I successfully completed stress tests in 3D Mark for Steel Nomad and Timespy extreme, running 20 loops each time without issues.
I suspect an error occurred during the Windows installation to the M.2 drive. Earlier, I faced two crashes: one fixed by replacing the PSU, the other by removing the M.2 drive and installing Windows on my SSD. After that, I bought a new M.2 but didn’t install it until now. Since I’m reinstalling Windows, I thought this might be a good chance to install the latest M.2 version too.
I’m trying to determine if the problem lies with the M.2 slot itself or if it’s related to my GPU, operating system, motherboard, or power supply. If I have to, I might need to take it to a repair shop for a proper diagnosis. Without replacing everything at once, I’m running out of options.

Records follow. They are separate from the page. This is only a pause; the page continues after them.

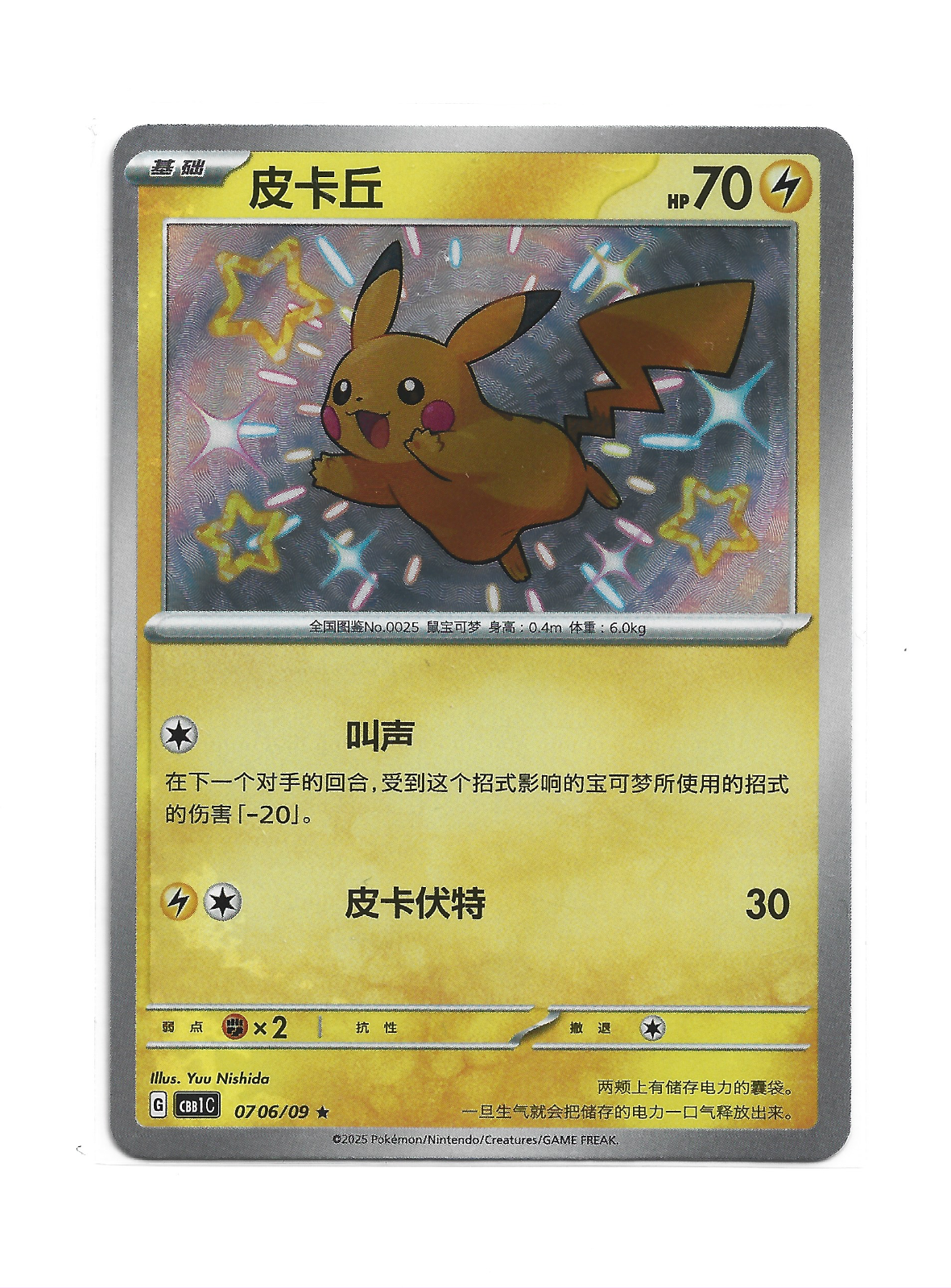 PSA10】ピカチュウCP6 033/087 20th Anniversary PSA10 ピカチュウ 20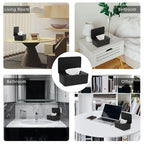 Diaper Wipes Dispenser Wipes Holder, Wipes Tissue Case Keeps Wipes Fresh Tissue Wipes Container with Lid (Black)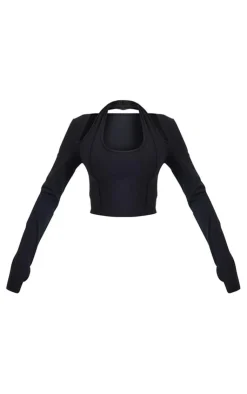 PrettyLittleThing Workout Tops*Sculpt Cut Out Padded Gym Crop Top
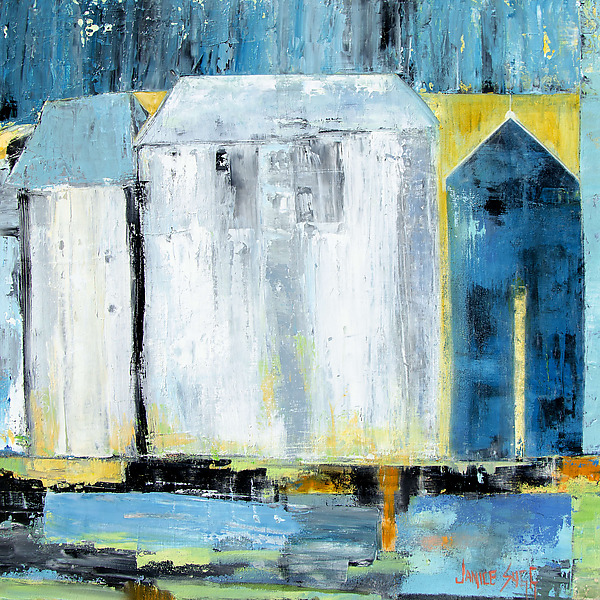 French Barn, Blue Light by Janice Sugg (Oil Painting) | Artful Home French Barn, Blue Light by Janice Sugg (Oil Painting) | Artful Home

A power supply is one of those parts that tends to wear out over time and may not always provide the expected performance. From what I understand, Nvidia needed a 750 watt power supply. However, at that stage, I think it should still function, though you might be near its limits.
For instance, when I purchased my 7900xtx last year, even though it needed an 800 watt unit and I had an 850 watt PSU, I upgraded to a 1200 watt model. Initially, I planned for a 1000 watt unit, but Newegg offered a tier A rated 1200 watt Thermaltake for a similar price to the others I considered. Personally, I tend to increase the power supply slightly. Because components naturally degrade and can struggle to maintain the same output when pushed to their limits, it’s wise to consider upgrading. Also, opting for a higher wattage unit could accommodate future upgrades you might want to make.
It might be useful to check the warranty of the PSU you had and request an RMA if needed, so you can either keep a spare or return the old one for another purchase.